Germany-based panel maker SolarWorld AG has announced plans to stop production of the company’s multicrystalline products, shift its manufacturing focus, and reduce its workforce. The company says the decision to streamline operations will strengthen its competitiveness amid global solar market challenges.
In fiscal year 2016, SolarWorld AG increased group-wide shipments by 19% year-over-year to 1,375 MW, and consolidated revenue rose by 5% to EUR 803 million. However, the company recorded a negative EBITDA in 2016, at EUR -26 million, including provisions amounting to EUR 12 million for measures to focus operating activities until 2019. Preliminary EBIT amounted to EUR -99 million. The company says this includes one-off effects from impairments on fixed assets amounting to EUR -25 million, which are not cash relevant. As of Dec. 31, 2016, SolarWorld had liquid funds of EUR 88 million.
In the course of 2017, SolarWorld AG says it is going to focus its business activities in such a way that the group will be able to successfully compete in a fast-changing market environment. With a bundle of measures, SolarWorld will concentrate entirely on the production and sale of products based on monocrystalline silicon technology and PERC (passivated emitter rear cell).
As such, the company will shut down the production of multicrystalline wafers, cells and modules, which SolarWorld says have lower efficiencies for technological reasons, over the course of 2017. The group’s research and development subsidiary, SolarWorld Innovations GmbH, will focus on efficiency-enhancing processes that can be combined with PERC. Today, SolarWorld notes, the company already offers Bisun modules, which turn sunlight into power from the front and the back side and are a further development of PERC.
“Whoever buys SolarWorld shall get high efficiency – always,” says Dr.-Ing. E. h. Frank Asbeck, CEO of SolarWorld AG. “We will compete successfully by focusing exclusively on innovative solar technology with the highest quality, longevity and efficiency.”
The company says measures include plans to bundle steps of the value chain at individual sites: crystal growing and cell manufacturing in Arnstadt, Thuringia, and wafering and module manufacturing in Freiberg, Saxony. Thus, the group says it can reach economies of scale faster, reduce redundancies, simplify processes and create room for future growth. The smaller production entities for modules in Arnstadt and for cells in Freiberg will be relocated. At its U.S. site in Hillsboro, Ore., SolarWorld is already exclusively producing PERC cells and modules, the company notes.

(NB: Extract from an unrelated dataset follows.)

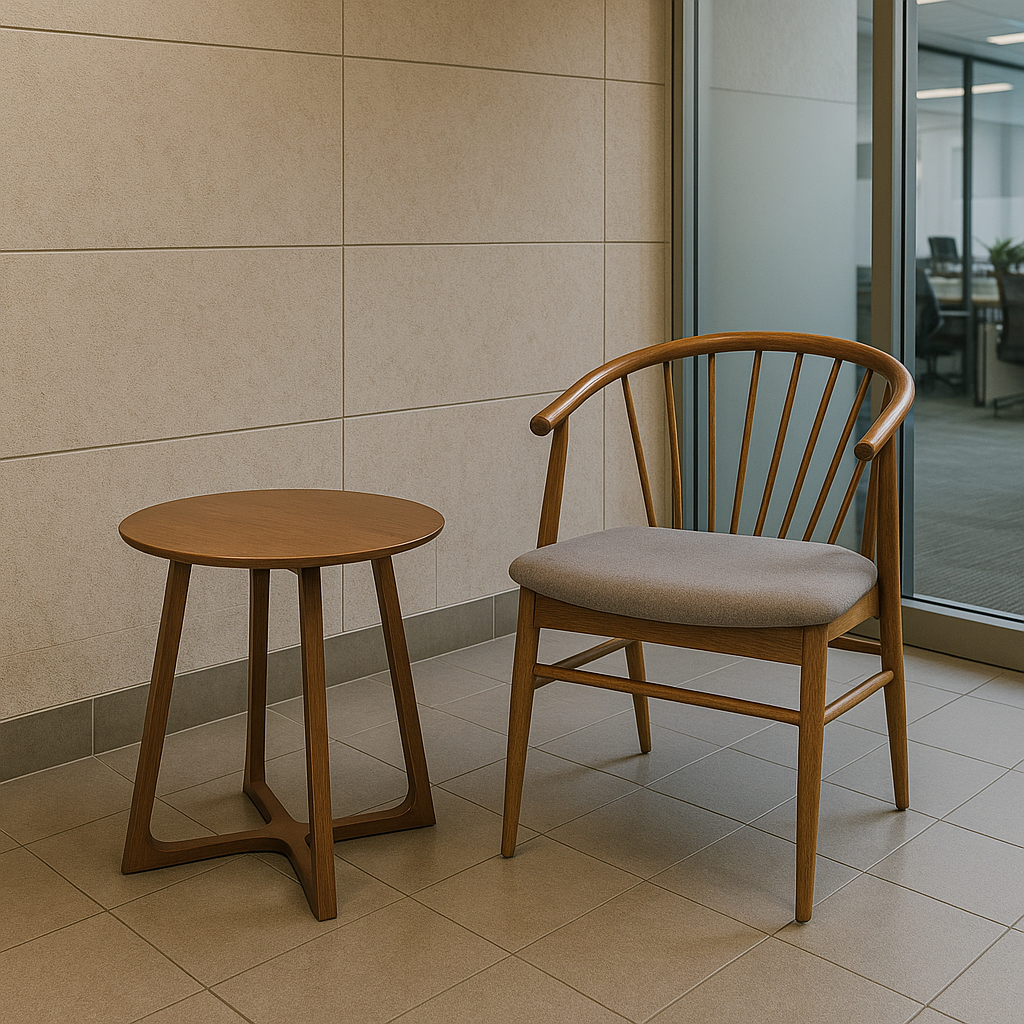 A wooden table and chair with a gray cushion placed on a tiled floor in a modern office hallway. Glass door nearby; atmosphere is minimalist and calm.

SolarWorld says these measures will lead to lower expenses for production, sales and overhead, as well as a staff reduction of about 400 by 2019. In parallel, the company says it is going to invest a mid-double-digit-million amount in the continuous expansion and the improvement of its high-efficiency technologies.
“These measures will decrease costs and increase efficiency significantly,” states Asbeck. “Our aim is to come out of the difficult phase for the solar market stronger than before and to raise module shipments to about 2 GW by 2019.”
On the assumption that the solar market will remain fiercely competitive, but will not be subject to extreme price reductions, the company says it expects its EBIT in 2017 to rise compared with 2016, although it will still be negative. 2017 shipments are expected to grow, and consolidated revenue should lie at approximately previous year’s level, SolarWorld adds.
Although the global solar industry had a record-breaking year in 2016, SolarWorld is one among several solar companies, including Enphase Energy and SunPower, that have streamlined their operations to counteract market challenges, such as price pressure from module oversupply and policy uncertainty.